In the process that gave rise to the trial, the owner of a lot located in the municipality of Mairinque, in São Paulo, opposed to the collection of associative fees on the understanding that the services charged were not used by her and based on the principle of free association and the prevention of illicit enrichment. In the first and second instances, it was confirmed the legitimacy of the collection of associative fees, which required the judgment of the extraordinary appeal by the Supreme Court.

Allotments are forms of land parcelling consisting in the subdivision of a large plot of land into lots intended for building. The roads opened for circulation between the lots, when the allotment is instituted, become part of the municipal property, in accordance with the Urban Land Subdivision Law. The closed allotment, in turn, had its first regulation with the federal law of 2017, which inserted the modality of allotment with controlled access in paragraph 8 of Article 2 of the Urban Land Subdivision Law.

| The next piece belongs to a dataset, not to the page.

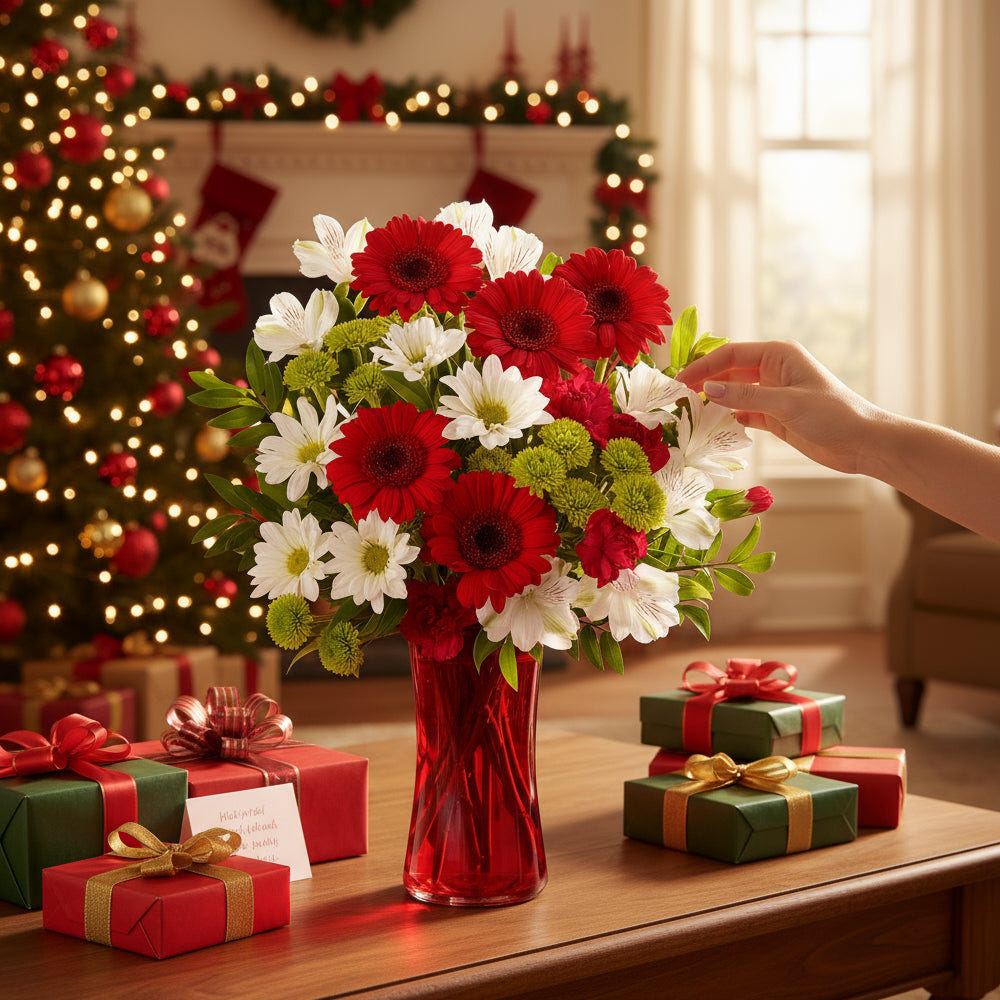Christmas Bells III Fleur Concept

Due to this control, complementary services to public services are necessary within a closed allotment, such as garbage collection, signage and security services, which must be hired and organized through the association of residents. Therefore, closed allotments have always had a similar operation to the condominium structure, in which the general costs with the maintenance of common areas are prorated between the owners by charging a fee.

Given the lack of a legal provision on the mandatory payment of associative fees until then, the general position contrary to this obligation is based on the objective interpretation of Article 5, item XX, of the Federal Constitution, according to which a person cannot be obliged to associate. Some precedents of jurisprudence understood the impossibility of collecting the fee. The Superior Court of Justice (STJ) even confirmed a thesis that residents' associations could not charge fees from those who are not associated, considering the lack of manifestation of the owner's willingness to contract the obligation to pay.[1] On the other hand, there was also a discussion that the services of the association were presumable to any acquirer of an allotment lot, even without the formal expression of consent with the collection of the fees.

With the promulgation of federal law of 17, three relevant aspects to discussion were recognized: the new modality of allotment with controlled access (the so-called closed allotment), the activities carried out by associations of lot owners as similar to the activity of real estate management and the possibility of apportionment of expenses of these associations between the owners of the lots.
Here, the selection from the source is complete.